BIMのメリットは作業効率化だけにとどまらない。

BIMはデジタル(仮想空間)上でのシミュレーションを駆使した設計検討にも強みを発揮する。そのため、資材を不必要に浪費することもなくなり、コスト削減や工期短縮を実現させることが可能になる。

タブレット上に表示されたバーチャルな建築物のイメージ
写真=iStock.com/Warchi
※写真はイメージです

日本でのBIM活用は50%にも満たない

諸外国では工期削減に取り組む上で、BIMの活用は当たり前となっている。国土交通省が2023年3月に発表した「建築分野におけるBIMの活用・普及状況の実態調査」によると、BIMの導入状況は総合設計事務所で81.4%、専門設計事務所で41.3%、総合建設業で41.1%、専門工事会社で60.0%となっている。全体では48.4%と半数にも満たず、建設プロセスにおけるBIM活用はまだまだ進んでいない。

なぜ日本ではBIM活用は進まないのだろうか。

日本の建設業界では、施工に必要な情報が網羅されていない設計図を基に、施工に関わるゼネコンやサブコン、専門工事会社がそれぞれ自社に必要な情報を図面を書き加えながら(情報を追加しながら)、建物の完成とともに図面が完成するという慣習になっている。サプライチェーンの「部分最適化」を重視するあまり、これまでの慣習を変えることへの理解を得ることが難しいのである。

新技術を導入しやすくする環境整備が必要

こうした課題が山積する建設産業において、「デジタル活用」と「フロントローディング」はどのように実現できるのだろうか。

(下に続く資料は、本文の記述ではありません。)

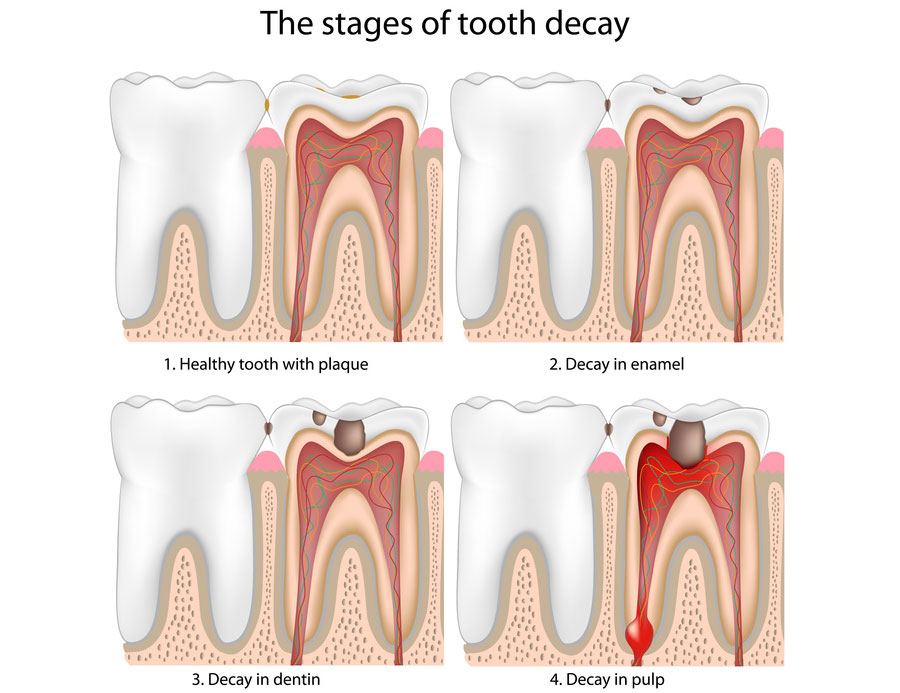 stages of tooth decay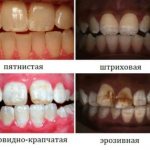 dental fluorosis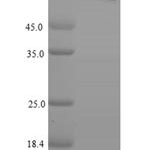 SDS-PAGE separation of QP7868 followed by commassie total protein stain results in a primary band consistent with reported data for PNPLA2. These data demonstrate Greater than 80% as determined by SDS-PAGE.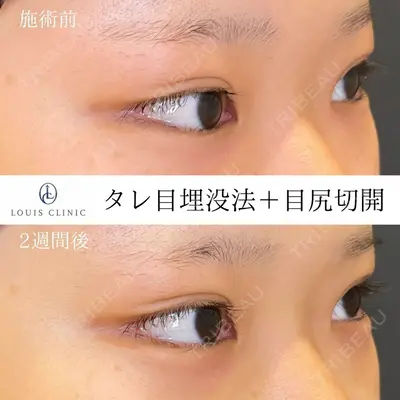LOUIS CLINIC 二子玉川院【ルイクリニック】 小松 塁医師の症例
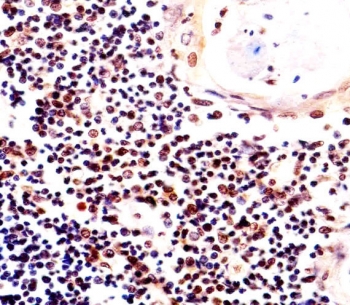 Histone H2AX Antibody Immunohistochemistry. IHC testing of FFPE human thymus tissue with Histone H2AX antibody. HIER: steam section in pH6 citrate buffer for 20 min and allow to cool prior to staining.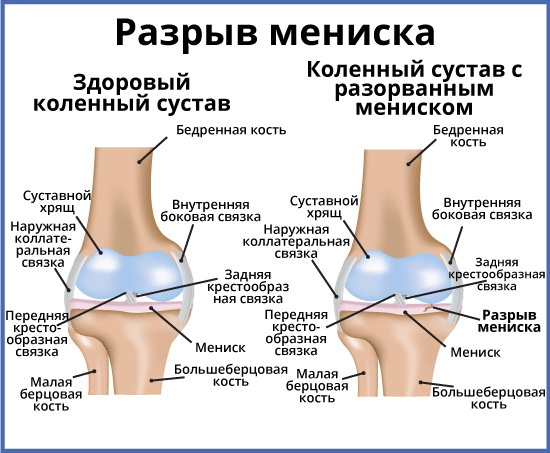 Rupture du ménisque du genou. Symptômes et traitement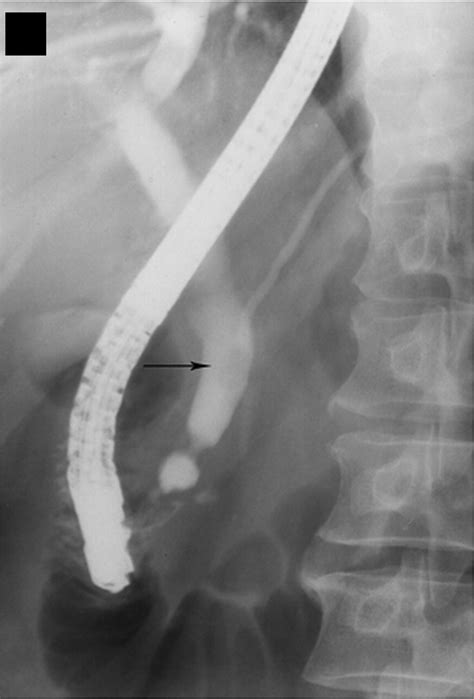 Mdct Cholangiography With Volume Rendering For The Assessment Of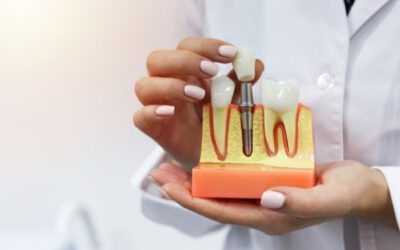 Les implants dentaires
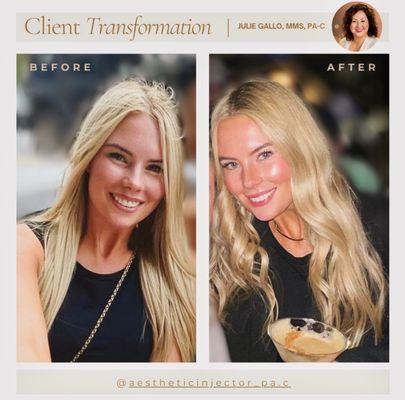 Aesthetic Philosophy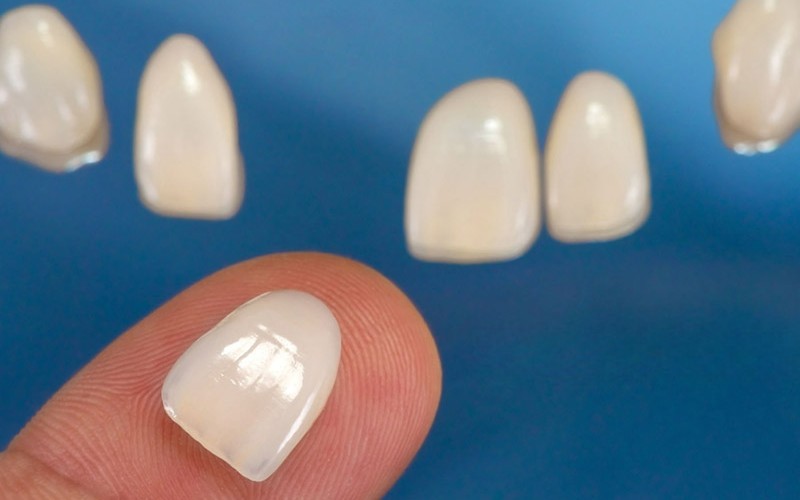 emax veneers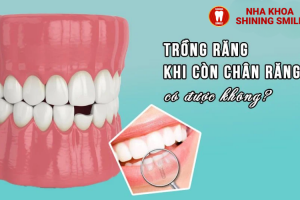 Dịch Vụ Hàn Răng: Quy Trình, Chi Phí Và Lợi Ích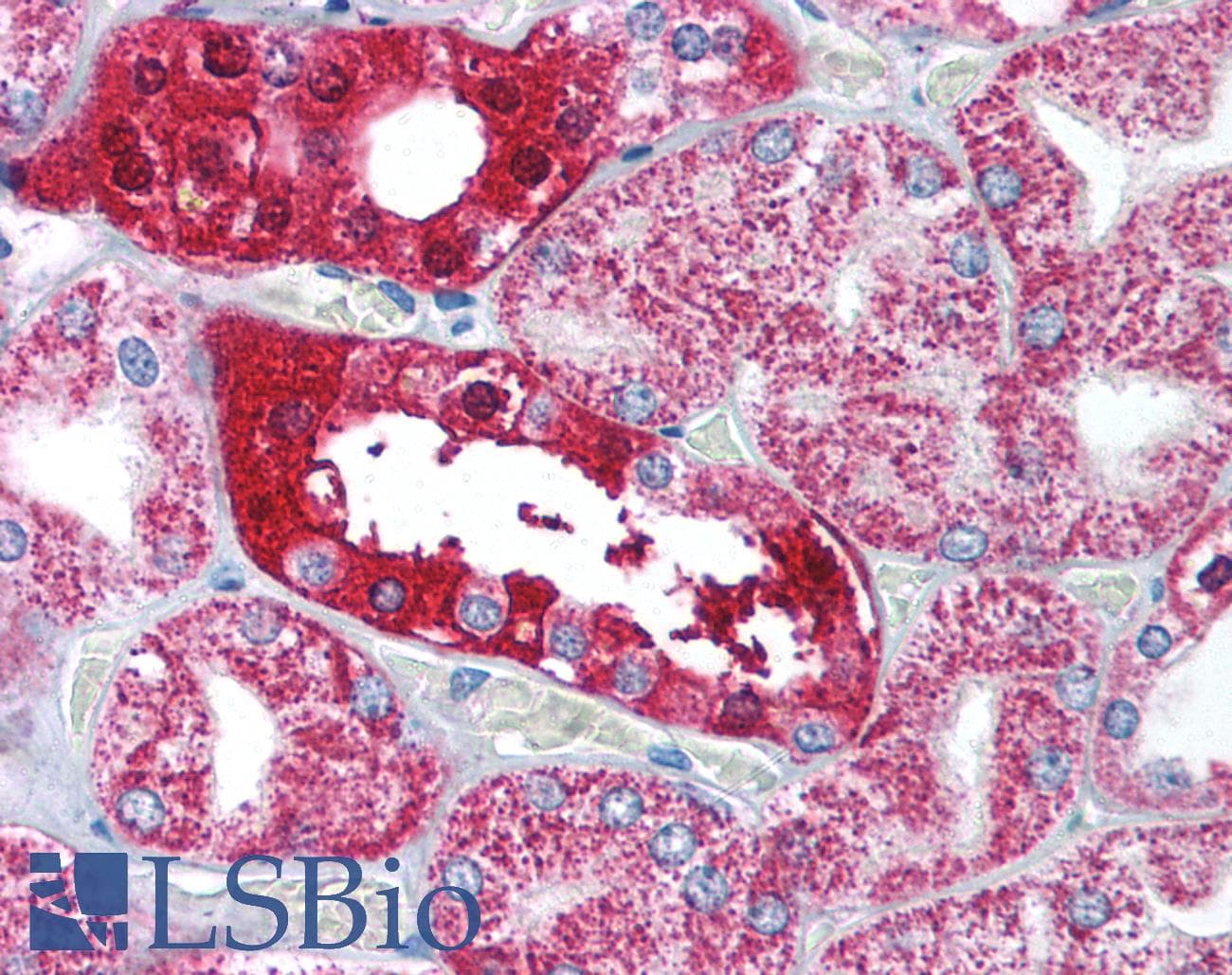 Polyclonal Rabbit anti-Human NPHS1 / Nephrin Antibody (IHC, IF, WB)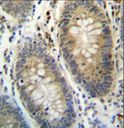 TEX261 Antibody - TEX261 Antibody immunohistochemistry of formalin-fixed and paraffin-embedded human colon tissue followed by peroxidase-conjugated secondary antibody and DAB staining.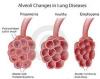 Photo for Pulmonary Edema-Global API Manufacturers, Marketed and Phase III Drugs Landscape, 2017
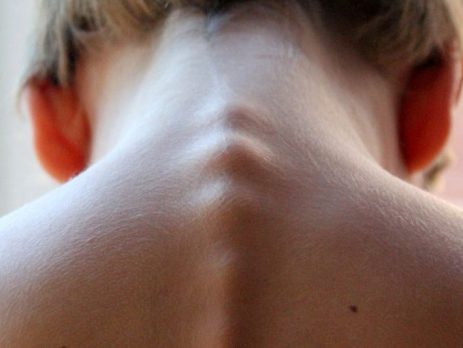 Cifosis dorsal, curbatura de la columna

まずは情報を提供したり、相手の提供する情報を信頼するためには相互の信頼関係、つまり、これまでの取引を超えた、パートナーとして相手を成長させるというコミットメントが求められる。よりフラット、対等な関係性などはその第一歩であるが、そのための多少の遊びを設けることは必要だ。働き方、賃金、工期など全てがキツキツでは変化は生まれにくい。

今後、デジタル技術の進歩のスピードは加速し、新しい技術が次々に出てくることが予想される。国や自治体には、これまでのやり方に固執せず、社会全体がより良い方法を積極的に取り入れるように後押しをしてほしいと思う。

同時に、建設に関わる企業が、新しい手法や必要な技術を導入し活用しやすい環境整備にも期待したいと思う。BIM加速化事業の補助金なども一部でスタートしているが、国としてのコミットメントがない中では迫力に欠けていると言わざるを得ない。

官民が一体となって、持続可能な建設産業と社会(インフラ)の実現に向けて、今までの制度や仕組み、常識を、「勇気を持って変えていく」ことが必要だと、私は考えている。